Alors que l’interdiction à vie est la règle en cas de condamnation pour une infraction commise en vertu de l’art. 67 al. 3 CP, deux conditions cumulatives peuvent exceptionnellement conduire le juge à renoncer à cette interdiction. « D’une part, il doit s’agir d’un cas de très peu de gravité et, d’autre part, la mesure d’interdiction ne doit pas paraître nécessaire pour détourner l’auteur d’autres infractions passibles de cette même mesure. » (consid. 2.2.1).
Ces deux conditions sont sujettes à une appréciation globale du juge.
« Peuvent par exemple être considérées comme infractions sexuelles de très peu de gravité, du fait de la légèreté de la peine abstraite qui leur est attachée, les désagréments causés par la confrontation à un acte d’ordre sexuel (art. 198 CP) ou l’exhibitionnisme (art. 194 CP). Mais d’autres infractions sexuelles exposant leur auteur à des peines plus lourdes pourront aussi, dans certains cas, être considérées comme étant de très peu de gravité (actes d’ordre sexuel avec des enfants, art. 187 CP), notamment lorsque le juge relativise fortement la culpabilité de l’auteur et prononce une peine légère à la suite d’une appréciation globale de l’infraction commise et de la situation de l’auteur (FF 2016 5948 ch. 2.1; cf. ATF 149 IV 161 consid. 2.5.4 et les références citées; arrêt 6B_852/2022 du 26 avril 2023 consid. 2.2.1) » (consid.2.2.2)
« Une interdiction ne paraît pas nécessaire (seconde condition de la clause d’exception) si un pronostic suggère que rien ne permet de craindre une récidive. » (consid. 2.2.3).
« 1.1.2. L’art. 187 ch. 1 al. 1 CP réprime le comportement de celui qui aura commis un acte d’ordre sexuel sur un enfant de moins de 16 ans.
L’art. 187 CP a pour but de permettre aux enfants un développement sexuel non perturbé. Il protège le jeune en raison de son âge, de sorte qu’il est sans importance qu’il ait ou non consenti à l’acte. Il s’agit d’une infraction de mise en danger abstraite.
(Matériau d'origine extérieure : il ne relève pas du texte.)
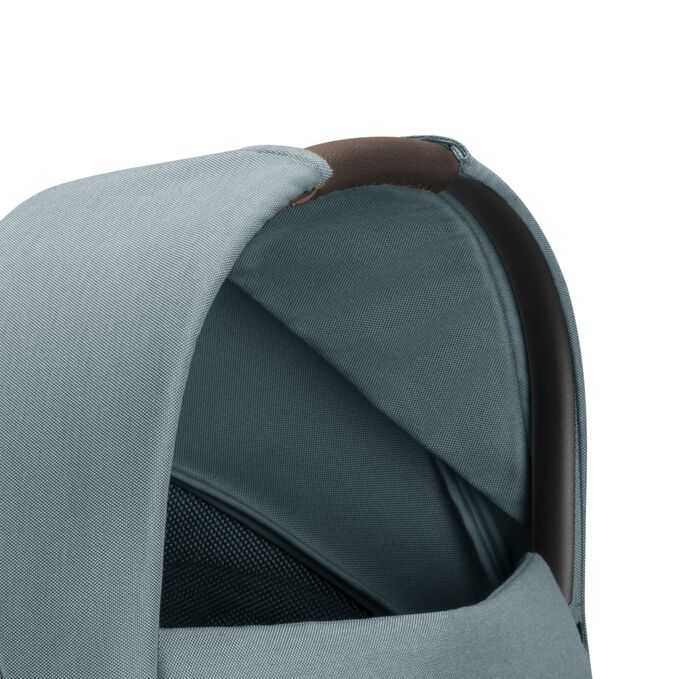 An image of the CYBEX Gold Cot S Lux Stroller, highlighting the Carry Handle feature.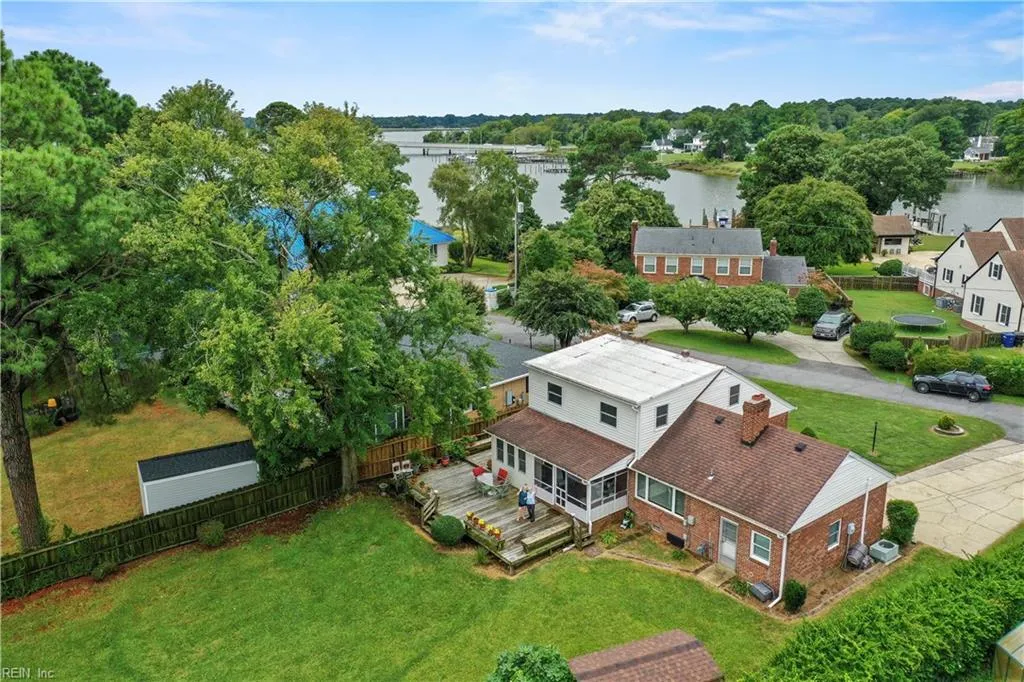 Portsmouth, Virginia 23703, United States, 4 Bedrooms Bedrooms, ,2 BathroomsBathrooms,Residential,Active,212742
Elle est donc réalisée indépendamment du fait que la victime a été effectivement mise en danger ou perturbée dans son développement (arrêts 6B_935/2020 du 25 février 2021 consid. 3.1; 6B_123/2020 du 26 novembre 2020 consid. 6.1; 6B_1122/2018 du 29 janvier 2019 consid. 3.1; cf. ATF 146 IV 153 consid. 3.5.2 p. 156 s.).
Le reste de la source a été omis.